If born before Jan. 1, 1954, there is a claiming strategy you can possibly utilize to improve your benefits income stream. This strategy is called a Restricted Application.
People born after Jan. 1, 1954 cannot do this. Whenever they file for Social Security, they will be paid the highest benefit to which they are entitled at that age, whether on their own earnings record or as a spouse or ex-spouse. This is called Deemed Filing. There are ways to improve your income stream with Deemed Filing as well, but that is not the purpose of this article.
The Restricted Application is a particularly powerful tool for working couples as seen in this example:
This example is what the referenced couple filed at Full Retirement Age.
John and Susie both work and are eligible for their own Social Security retirement payments. They both were born before Jan. 1, 1954. John’s full payment amount at FRA was $1,000, and Susie’s was $2,200. John filed for his own benefit at Full Retirement age, and Susie restricts her application to spousal benefits only. She will receive $500 per month as an auxiliary benefit from John. So together, they were able to draw a combined benefit of $1,500 per month.
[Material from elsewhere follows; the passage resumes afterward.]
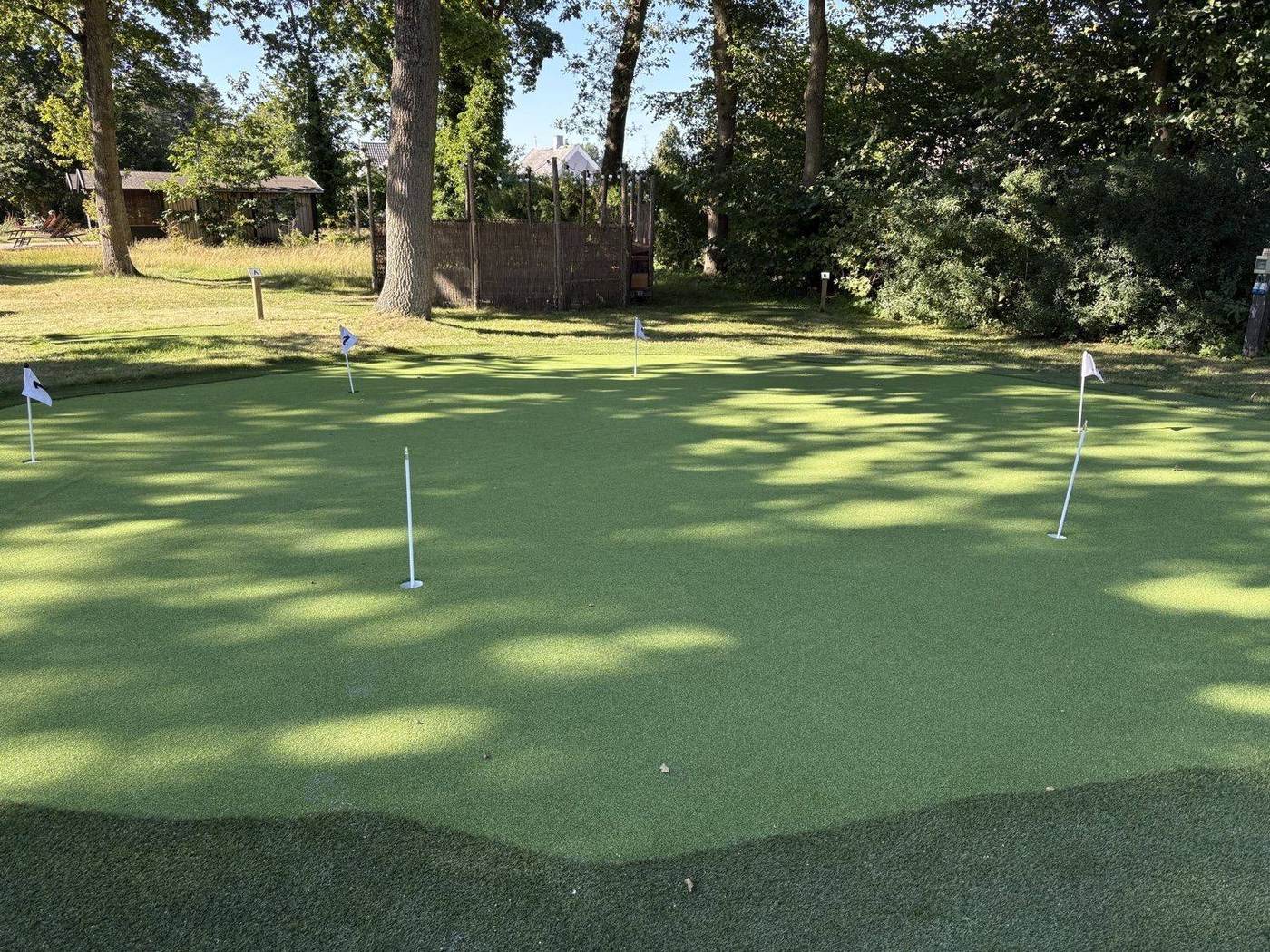 Falsled Camping puttinggreen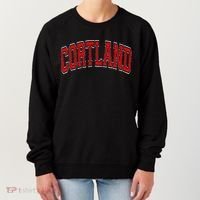 Cortland Ny New York Varsity Women's Sweatshirt thumb 0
At age 70, Susie files for her benefit, which has increased substantially with Delayed Retirement Credits. Her new payment is now $2,904. Her spousal benefit will no longer be available and when she files for her benefit, John will be able to file a Restricted Application on Susie’s benefit, which increased his benefit by $100 per month.
His increase is based on 50 percent of her benefit at Full Retirement Age, not at age 70. They have also increased the Survivor Benefit for whichever spouse lives the longest to $2,904 vs. $2,200 had Susie not waited to draw. This is a $700 per month increase for life for the remaining spouse.
Unfortunately, many couples think because they are still working that waiting until age 70 is the best choice for them. If they were born before Jan. 1, 1954, chances are this is not correct – they are leaving money on the table that they are entitled to draw.
• You must be Full Retirement Age or older to implement.
• You must be born before Jan. 1, 1954.
• Not only will the auxiliary benefit grow with Delayed Retirement Credits, but also Cost of Living increases will be added to benefit amount.
• If Susie were to die before age 70, John would still enjoy the increase in her benefit amount through the rest of his life.
So many of Pillars LLC clients have used this strategy in the past. If you qualify, please don’t let this pass you by.